User GuidesAPI ReferenceRelease Notes
Doc HomeHelp CenterLog In

Exporting a Dataset

Export a dataset from a project to save locally.

Admins and Curators can export input datasets from the Datasets page in a project.

  • If the Data Movement Service (DMS) is enabled and configured, you can export a dataset to a previously-configured cloud storage location, in either CSV or Parquet format.

    important Important: If DMS is enabled for your instance, you cannot download datasets to a local file system via the UI.

  • If DMS is not enabled, you can download a dataset in CSV format to your local file system.
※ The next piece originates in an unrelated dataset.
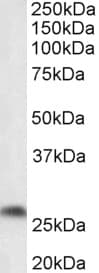 Prostaglandin D Synthase Antibody (aa149-162)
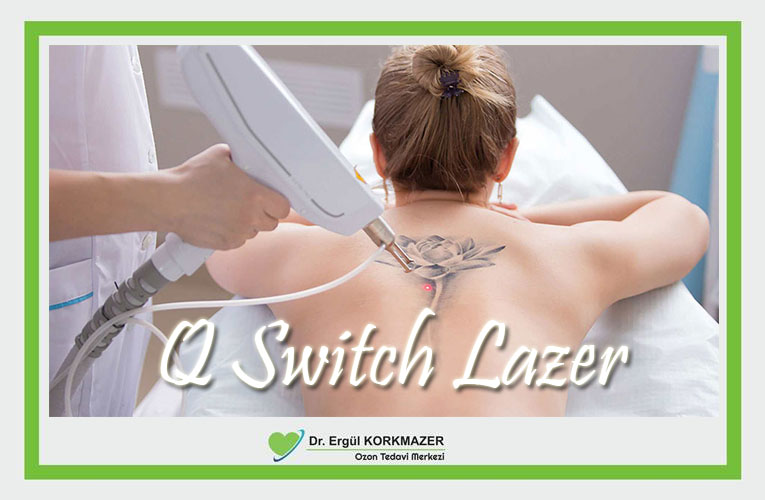 Q Switch Lazer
Note: Admins can also export any dataset file from the Dataset Catalog, including input datasets, unified datasets, and internal datasets. See Exporting a Dataset from the Dataset Catalog.
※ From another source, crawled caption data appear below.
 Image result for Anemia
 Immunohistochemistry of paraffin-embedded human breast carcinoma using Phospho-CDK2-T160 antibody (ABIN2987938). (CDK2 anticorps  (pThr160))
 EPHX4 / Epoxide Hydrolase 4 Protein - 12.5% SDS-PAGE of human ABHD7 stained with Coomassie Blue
Exporting to Cloud Storage with DMS

You use DMS to export data in CSV or Parquet format to cloud storage.

important Important: Users who need access to data files exported to cloud storage must be given access to the appropriate cloud storage locations.
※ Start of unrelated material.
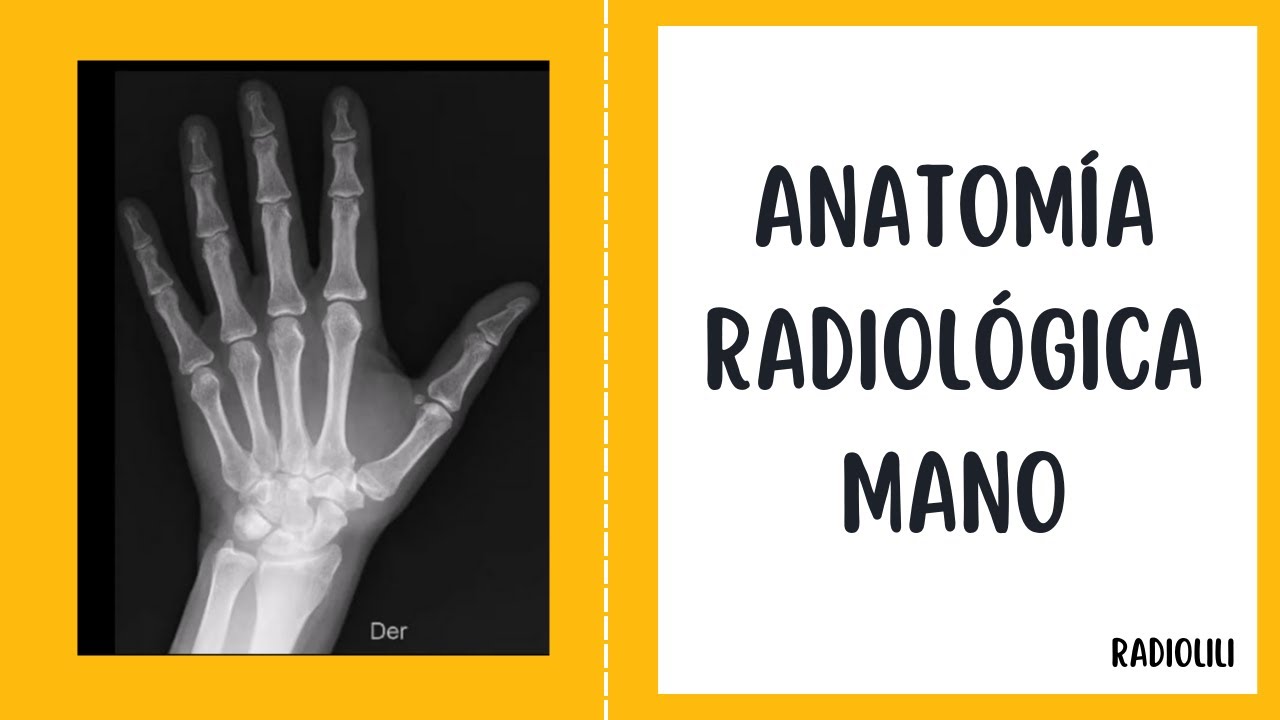 huesos de la mano derecha radiografia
Note: For information about how to use APIs to export datasets, see Using the DMS API.

Export File Format for Cloud Storage Destinations

Files exported to cloud storage destinations have the following characteristics:

  • Format: Parquet or Comma separated values (.csv). The delimiter, quote and escape characters are ,, " and " respectively. Spaces in attribute names are handled differently in CSV and Parquet files:
  • For exports in CSV format, if an attribute name in the Tamr dataset includes a space, the exported column name includes the space.
  • For exports in Parquet format, Tamr automatically replaces spaces with underscores. For example, the “Cluster Name” attribute is exported as “Cluster_Name”.
  • Encoding: UTF-8.
  • Header: File contains a header row.
  • Multivalues: Multivalues are delimited by the character |.

Export a Dataset to a Cloud Storage Destination

To export a dataset to a cloud storage destination:

  1. Open a schema mapping, mastering, or categorization project and select the Datasets page.
  2. Locate the dataset and choose Export.
  3. Select Confirm to start a dataset export job.
  4. When the dataset export job finishes, choose Export available.
  5. Select Export to (provider name). The Export Dataset dialog opens.
  6. Select the file type for your export: CSV or Parquet.
  7. Specify a new or existing destination path for the file.
  • ADLS2: Account Name, Container, Path.
  • AWS S3: Region, Bucket, Path.
  • GCS: Project, Bucket, Path.
    Tip: To search for an existing path, you can supply values for the first two fields and then select Apply. To reduce the time a search takes, provide as much of the path as possible.If you change the file type or the destination values, Apply to refresh the file finder.
  1. Select Export Dataset to export the dataset into file(s) with the dataset name in the specified folder.

Exporting a Dataset to a Local File System

If DMS is not enabled, you can use the user interface to export datasets in CSV format from a project and download to a local file system.

Note: For information about how to use APIs to export datasets, customers can consult the Tamr Help Center

Export File Format for Local Downloads

Files downloaded to local file system have the following characteristics:

  • Format: Comma separated values (.csv). The delimiter, quote and escape characters are ,, " and " respectively.
  • Encoding: UTF-8.
  • Header: File contains a header row.
  • Multivalues: Multivalues are delimited by the character |.

Export a Dataset Locally

To export a dataset locally:

  1. Open a schema mapping, mastering, or categorization project and select the Datasets page.
  2. Locate the dataset and choose Export.
  3. Select Confirm to start a dataset export job.
  4. When the dataset export job finishes, choose Export available.
  5. Select Download export. The CSV file downloads to your local file system.